_ASSIGNED TASK_
Repeat verbatim each line from the line with "Antonia Multi Coloured" to the end of the entries. Pictures do not belong in the copy.

━━━━━━━━━━

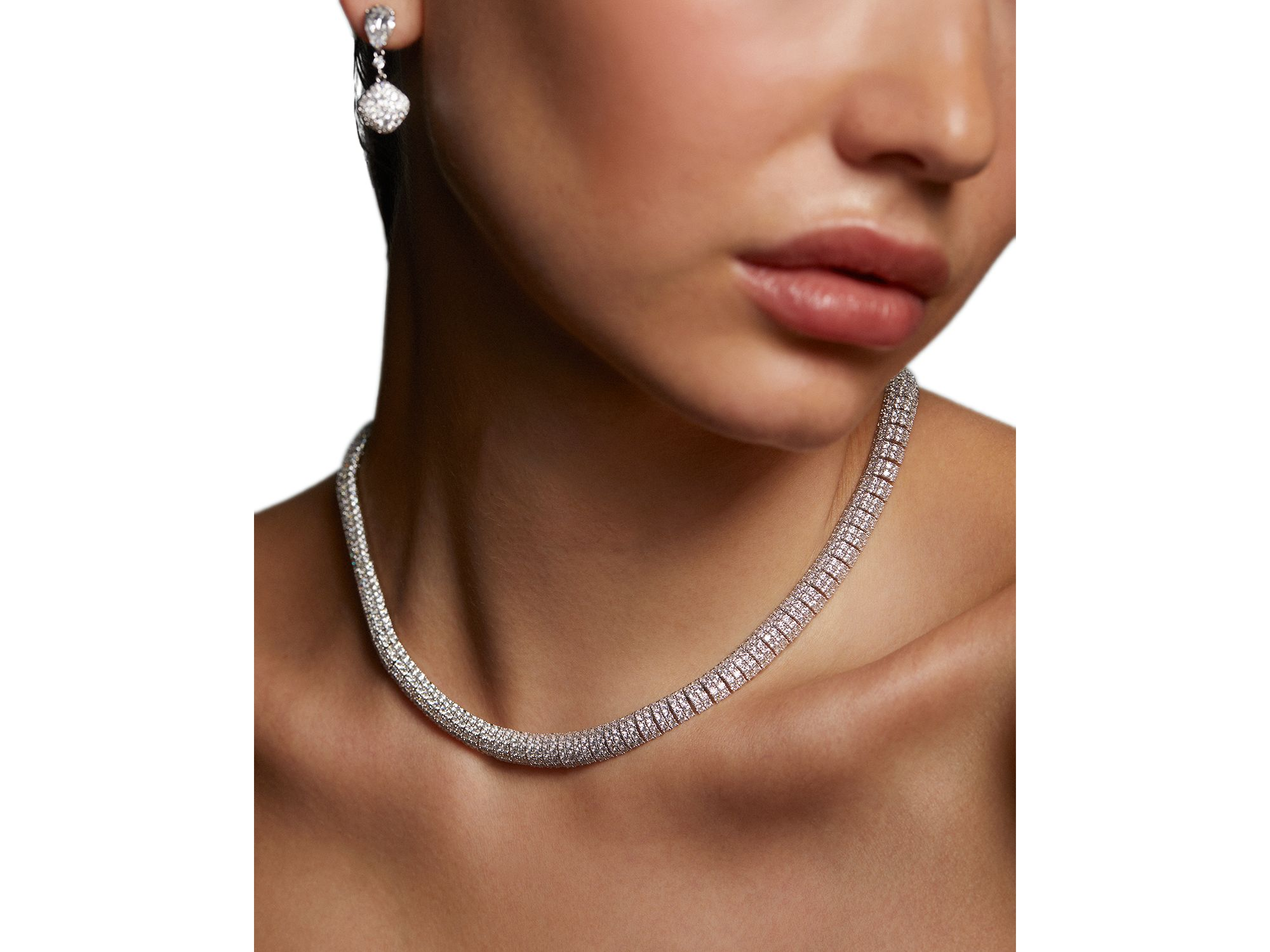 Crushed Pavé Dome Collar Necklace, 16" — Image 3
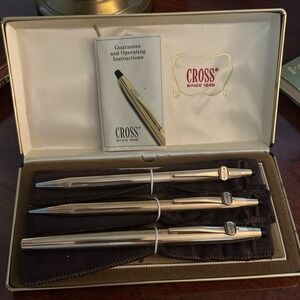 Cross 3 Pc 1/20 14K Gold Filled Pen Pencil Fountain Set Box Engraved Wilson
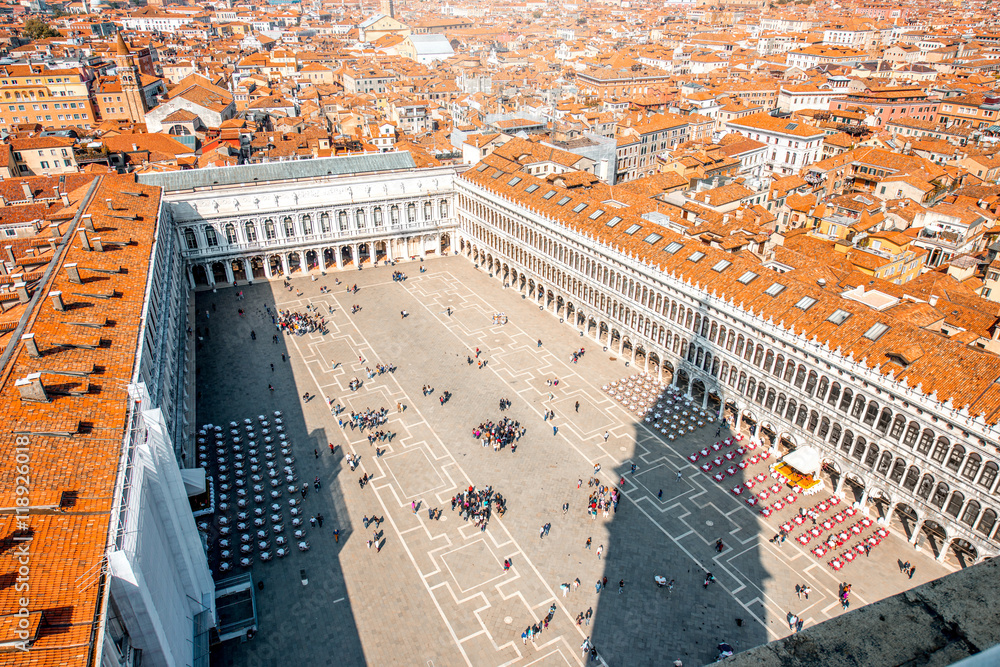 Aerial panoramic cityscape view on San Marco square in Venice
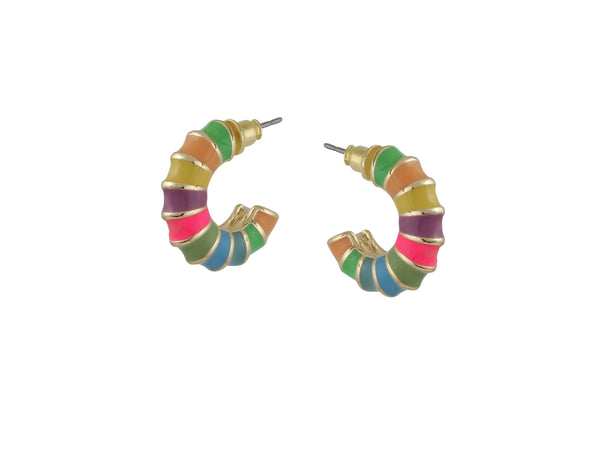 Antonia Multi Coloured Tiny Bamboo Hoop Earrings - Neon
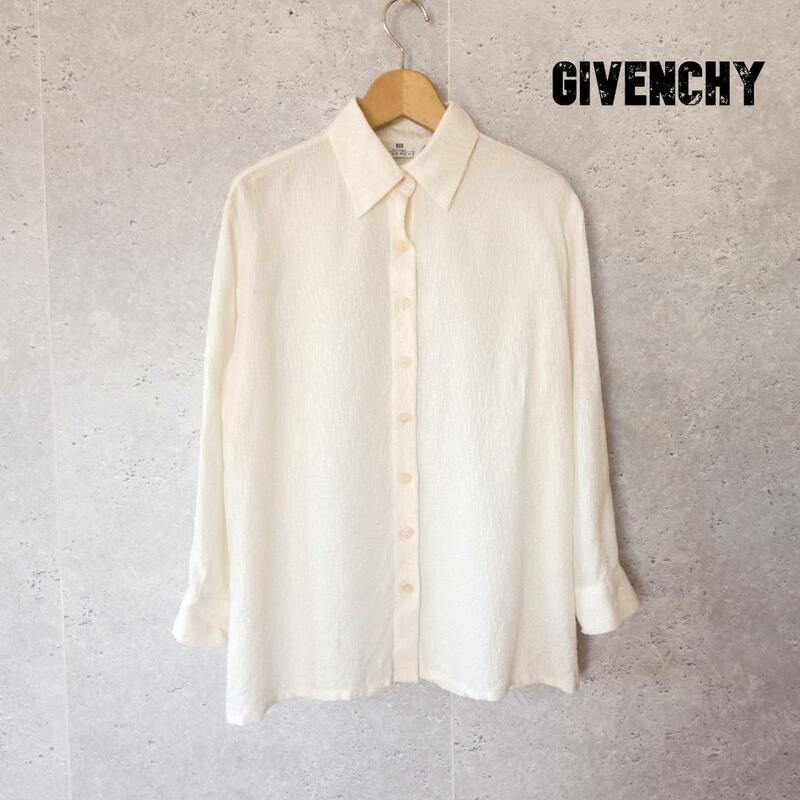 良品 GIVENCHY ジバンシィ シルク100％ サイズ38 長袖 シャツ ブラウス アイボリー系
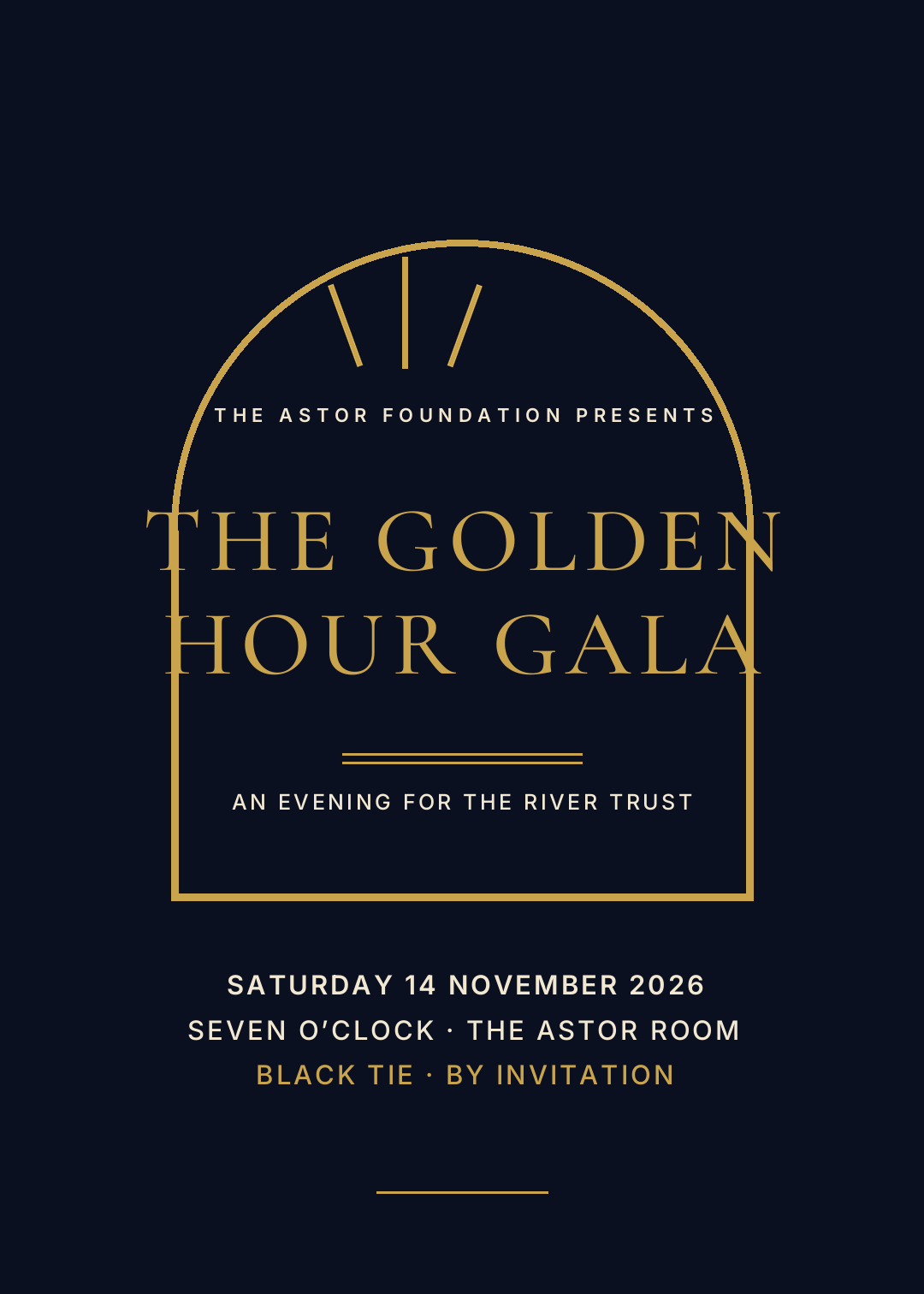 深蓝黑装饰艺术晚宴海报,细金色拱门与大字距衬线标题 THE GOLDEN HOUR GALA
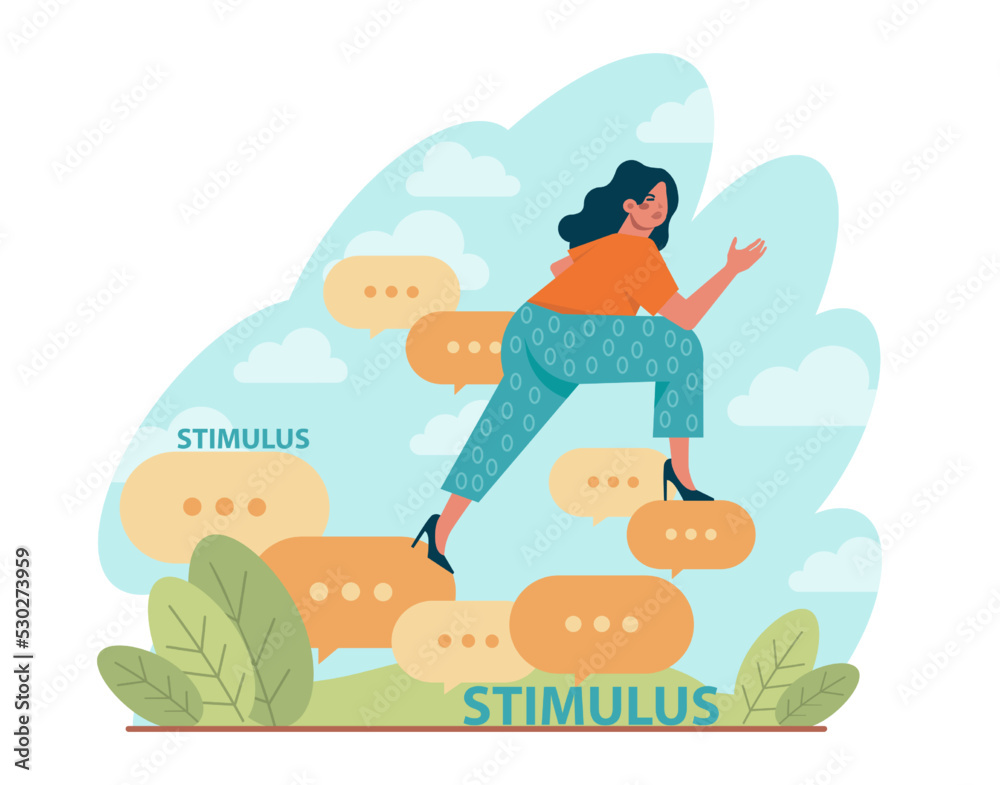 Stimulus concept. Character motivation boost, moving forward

━━━━━━━━━━

_OUTPUT OF THE TASK_
 Antonia Multi Coloured Tiny Bamboo Hoop Earrings - Neon
 良品 GIVENCHY ジバンシィ シルク100％ サイズ38 長袖 シャツ ブラウス アイボリー系
 深蓝黑装饰艺术晚宴海报,细金色拱门与大字距衬线标题 THE GOLDEN HOUR GALA
 Stimulus concept. Character motivation boost, moving forward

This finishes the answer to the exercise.